🇲🇽 Mexico · Family: Tacos de Mariscos · Region: Baja California
Take the Baja fish taco, turn off the fryer, and heat a flat steel plancha instead, and you have the taco de pescado a la plancha. The defining move is in the name: the fish is griddled, not battered and fried. A fillet of white fish is seasoned, often rubbed with garlic, lime, and a little chile or achiote, and seared directly on the hot flat-top until the edges catch and the flesh flakes, then chopped or laid whole into a warm corn tortilla with the familiar Baja garnishes. It is the lighter, cleaner cousin in the fish-taco family, the one people order when they want the fish to taste like fish rather than like the crust around it.

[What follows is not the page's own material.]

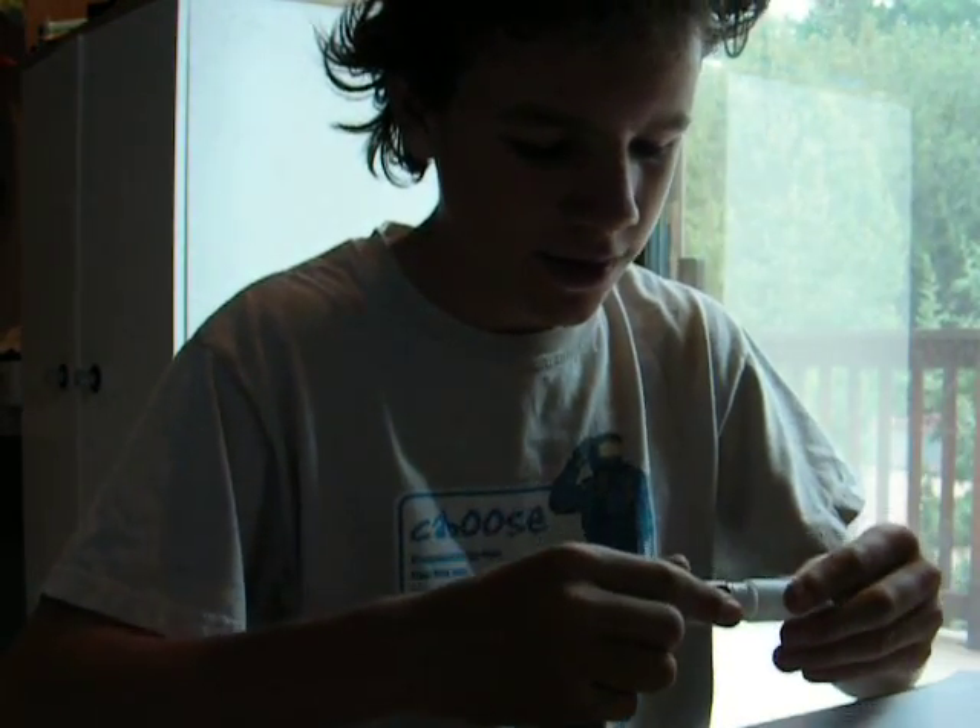Hi there, YouTube. This is my second Lego Tips movie.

The plancha itself is the craft. The surface has to be hot enough to give the fillet a real sear and a few caramelized edges without steaming it gray, and the fish has to be dry and oiled lightly so it releases instead of sticking and shredding. A firm white fish holds up well on the steel; thin or delicate fillets fall apart on the metal and turn to mush. A good a la plancha taco shows browned, slightly charred edges, a moist interior, and a smoky savor from the marinade hitting hot steel; a poor one is either dry and overworked from sitting too long on the heat, or pale and flabby because the plancha was not hot enough to do anything but warm it through. Because there is no batter to hide behind, freshness and timing are unforgiving here in a way they are not with the fried version. The corn tortilla is warmed soft, and the dressing stays light: shredded cabbage, a thin crema or lime mayonnaise, a fresh salsa, lime.
What distinguishes this one from its siblings is purely method, and the method changes the whole character. Where the classic taco de pescado delivers crunch and richness, the plancha version trades that for char, leanness, and a more direct sea flavor, which also makes it the obvious pick for anyone avoiding fried food. Variations cluster around the marinade and the heat: a citrus-and-garlic mojo, an achiote rub that stains the fish orange, a chipotle glaze brushed on at the end, and occasionally a quick blacken on a screaming-hot surface. Its battered, breaded, and estilo Ensenada relatives push in different directions entirely, and each of those, along with the wider Baja seafood-taco tradition, deserves its own article rather than being crowded in here.